How to keep your kids safe on YouTube

How to keep your kids safe on YouTube

Do you let your kids use YouTube? If you’re like most parents, you probably do—after all, nothing keeps a child content like an iPad and some engaging kiddie videos—but how can you make sure your child is protected and watching content that’s age appropriate?

Here’s what you need to know to keep your little ones safe on YouTube.

Several child advocacy, privacy, and consumer groups found that YouTube is raking in “substantial profits” from collecting the personal data from your children. In fact, 23 individual groups have filed a complaint against YouTube through the FTC.
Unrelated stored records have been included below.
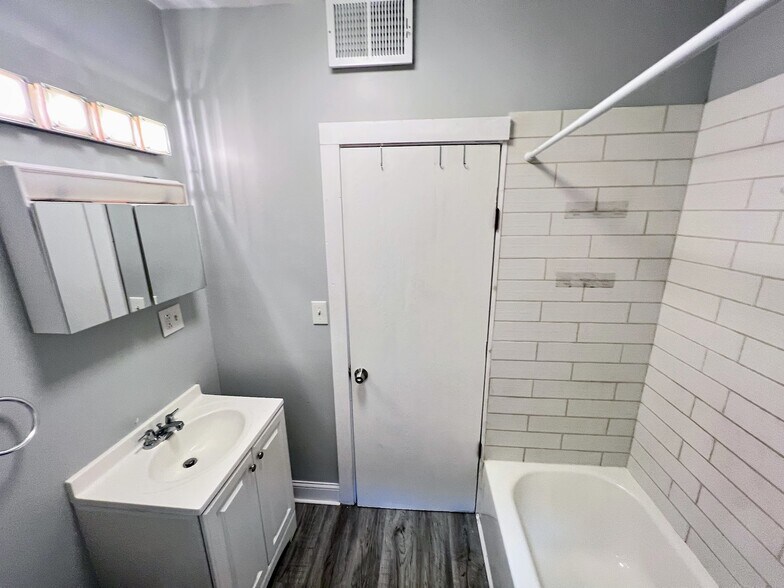 Building Photo - 2817 N Clybourn Ave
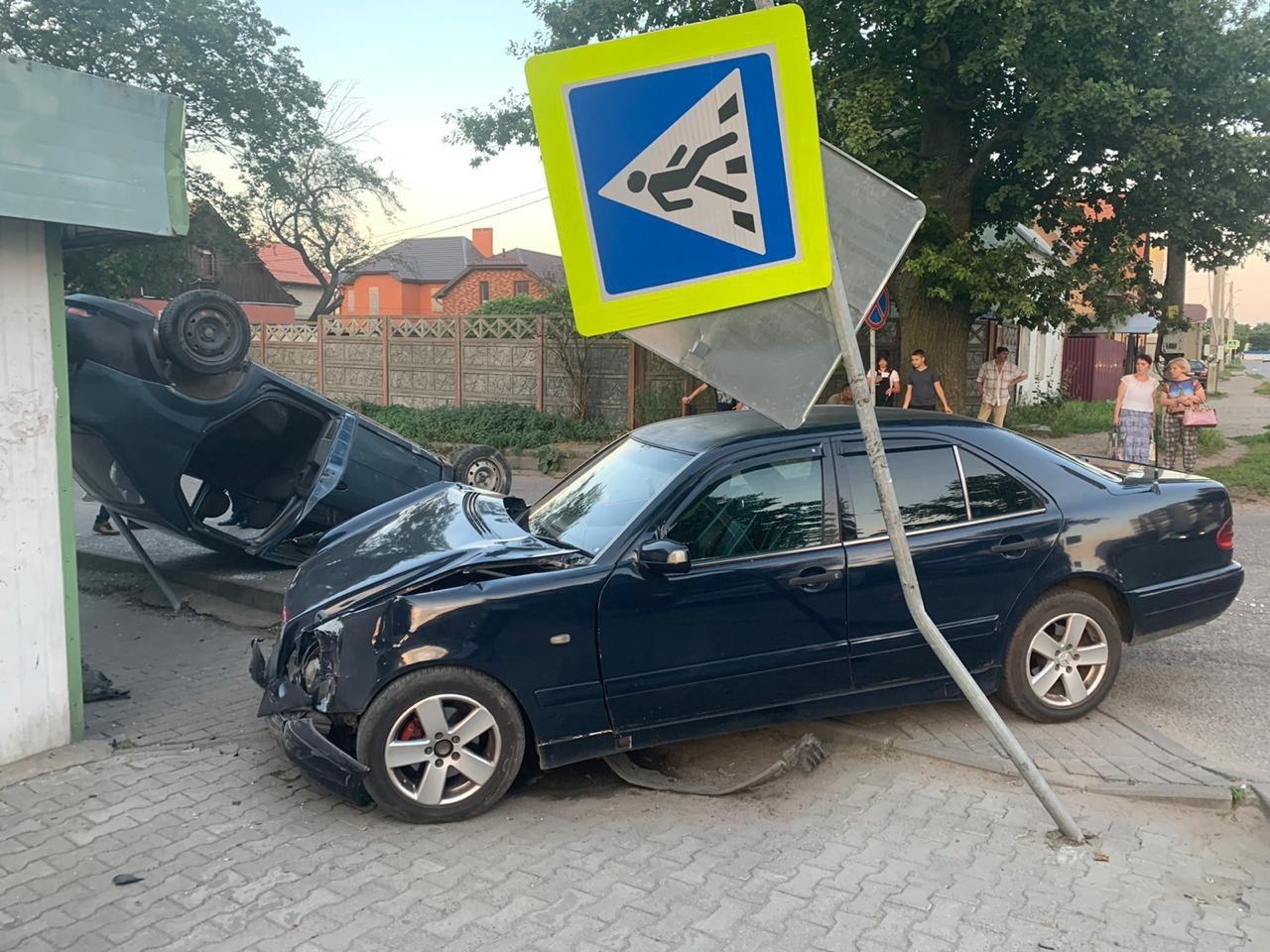 В Балтийске в результате ДТП на ул. Гоголя перевернулся автомобиль (фото)
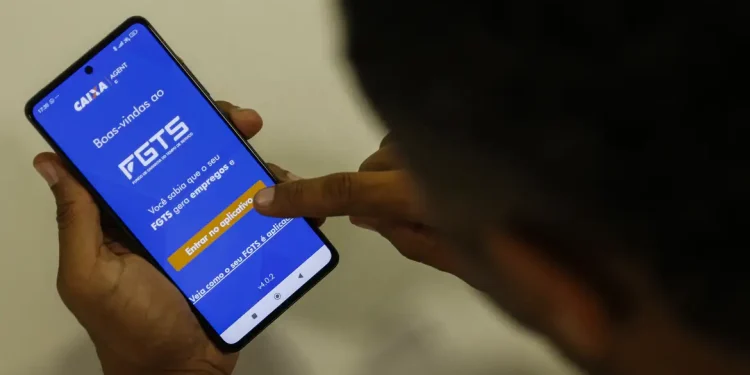 FGTS distribuirá quase R$ 13 bi do lucro de 2024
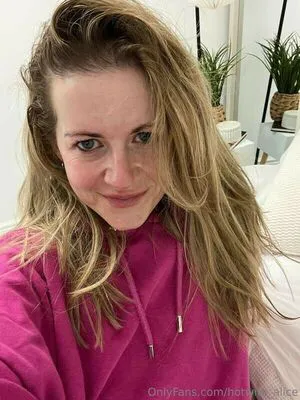 Aliceinqosland OnlyFans Leaked Free Thumbnail Picture - #0CGajyKhPm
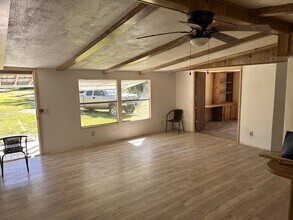 103 Sherri Lee Ter in Satsuma, FL - Building Photo - Building Photo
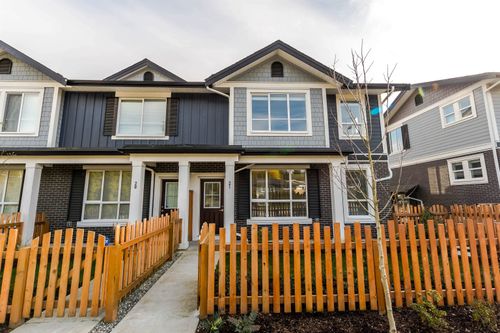 21-7157 210 St, Langley, BC, V2Y0T3 | Card Image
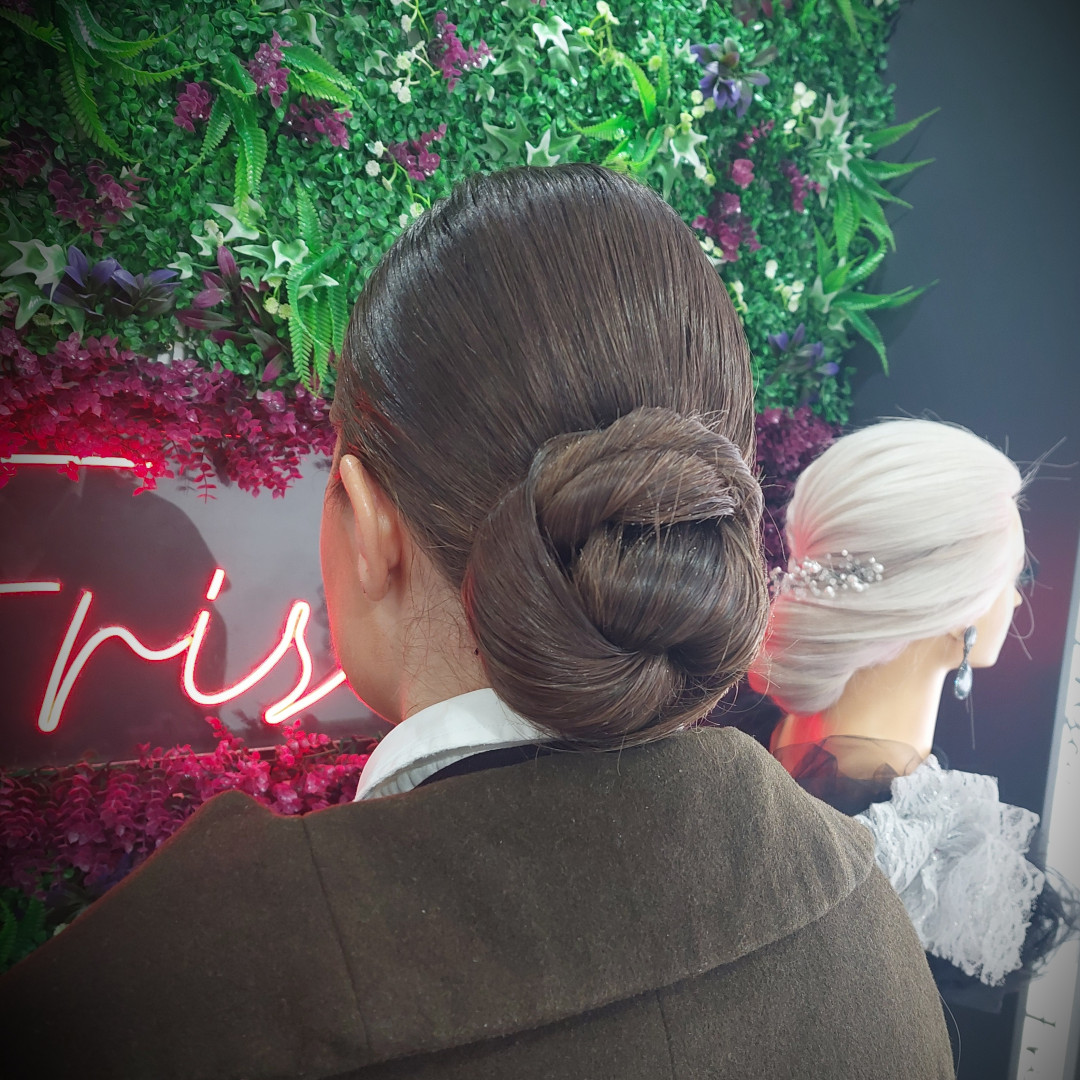 Frisco #sarajevo Svečane i frizure za svadbu Svečana frizura složena - kratka kosa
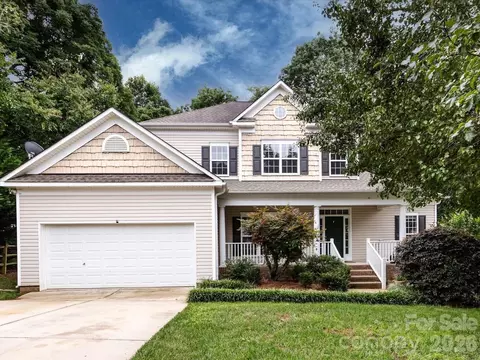 1423 Piper Ct, Concord, NC 28025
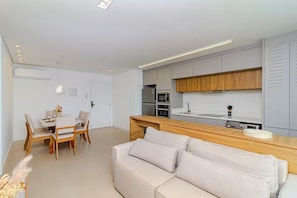 Comfort Apartment, City View | Living area
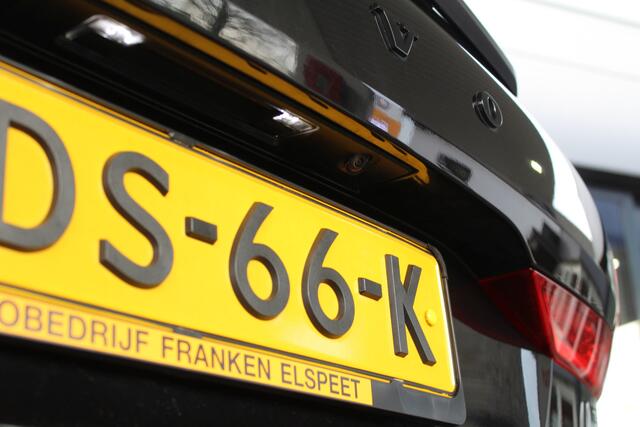 Volvo XC60 2.0 T8 Plug-in hybrid AWD Plus Black Edition Elek. Trekhaak | 360 Camera | Panorama dak | Getint glas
How popular is YouTube amongst children? About 96% of children from age 6 to 12 know about YouTube, and of those children, 83% of them use it daily. So, odds are that your child uses it, too, and it’s your job as a parent to find a middle ground that allows them to enjoy YouTube while protecting them at the same time.

Turn on “Safety Mode”

You might not realize it, but YouTube has a “Safety Mode,” which can help block (most, but not all) questionable content. To find it, scroll all the way to the bottom of the homepage. When signed in, click on “Safety,” and then choose “Lock safety mode on this browser.” This will also turn off all YouTube comments.

Create a playlist

Since Safety Mode doesn’t block everything, you might consider creating a playlist. This way, you can only give your children access to a playlist that you specially designed for them. If you add videos to a playlist, make sure you are watching the videos in their entirety. Sometimes, vulgar or profane information appears later in a video that might start off perfectly innocent. Alternatively, you can subscribe to a known family-friendly channel, such as Disney/Pixar.

Monitor your kids

It’s also important that you monitor what your kids are watching on YouTube. One easy way to do this is to use a program like McAfee Safe Eyes or Family Premier by Norton. These programs notify you when your kids watch something they shouldn’t.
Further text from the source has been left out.